St. Joseph’s guard Jack Forrest has had a unique basketball journey, moving from Kobe Bryant’s alma mater, Lower Merion High School, to the Ivy League, and now to Hawk Hill.

Forrest graduated from Lower Merion in 2019 and then played his freshman year at Columbia University. Thanks to his time at Lower Merion, Forrest had the opportunity to meet Bryant twice.

“We sat down with [Bryant] for about an hour and a half and really just talked about life and all the life lessons he learned through his long NBA career,” Forrest said. “And that had a profound impact on me.”

This advice went beyond the slogan “Mamba Mentality,” often associated with Bryant.

[”Bryant’s] point was, if you can build a routine and stay disciplined, you’ll just have incremental improvement, which will yield good results,” Forrest said.

This is something that Lower Merion basketball coach Gregg Downer helped Forrest implement while in his basketball program.

“[Forrest] worked hard and he worked smart,” Downer said. “He was just one of those players from grades nine through 12 that progressively got better every year, and a lot of that was just his strong work ethic.”

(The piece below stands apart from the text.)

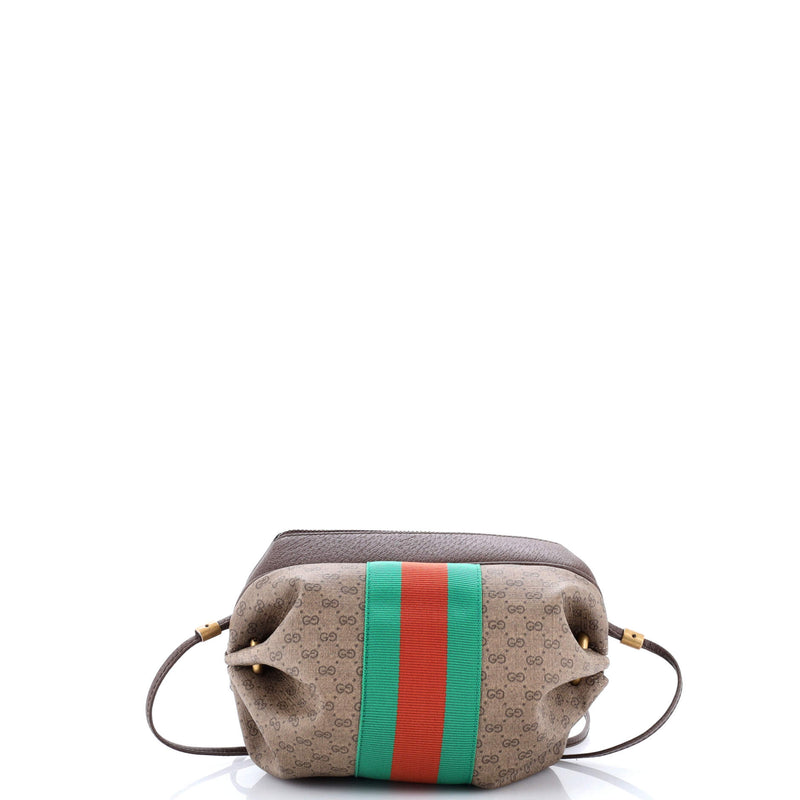 Web Butterfly Candy Crossbody Bag Mini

When Bryant died in a helicopter crash in 2020, it was a stunning, seismic event, especially for a young basketball player who had interacted with him. Forrest remembers where he was and exactly what he was doing when he got the news.

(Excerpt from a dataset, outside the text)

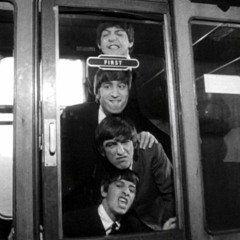 The Beatles - I Should Have Known Better (Cover)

“I was at Columbia in January; I was walking back and getting some food, and one of my teammates texted in our group chat a tweet saying, ‘Kobe Bryant dies in a helicopter crash.’ And I’m like ‘All right, this is [nonsense].’ I think everybody probably had the same reaction,” Forrest said.

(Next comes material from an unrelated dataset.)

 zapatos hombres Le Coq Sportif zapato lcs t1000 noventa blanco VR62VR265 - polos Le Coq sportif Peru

But the truth eventually hit Forrest harder than many others, because of the time they spent together.

“That night, it really overcame me and it really hit me,” Forrest added. “I have [Bryant’s] jersey hanging in my room. I’m wearing number 24 [at St. Joe’s.] And so all these things just hit you emotionally and make me realize how fragile life is.”

A few months later, Forrest decided to transfer to St. Joseph’s. Forrest lives only 10 minutes away from Hawk Hill. But coming home was not the deciding factor. It was more of a basketball fit.

“At Columbia, I think everybody knows there’s a strong emphasis on academics in the Ivy League and that kind of spread throughout the school. There’s not necessarily a real student body that really loves coming to the basketball games,” Forrest said.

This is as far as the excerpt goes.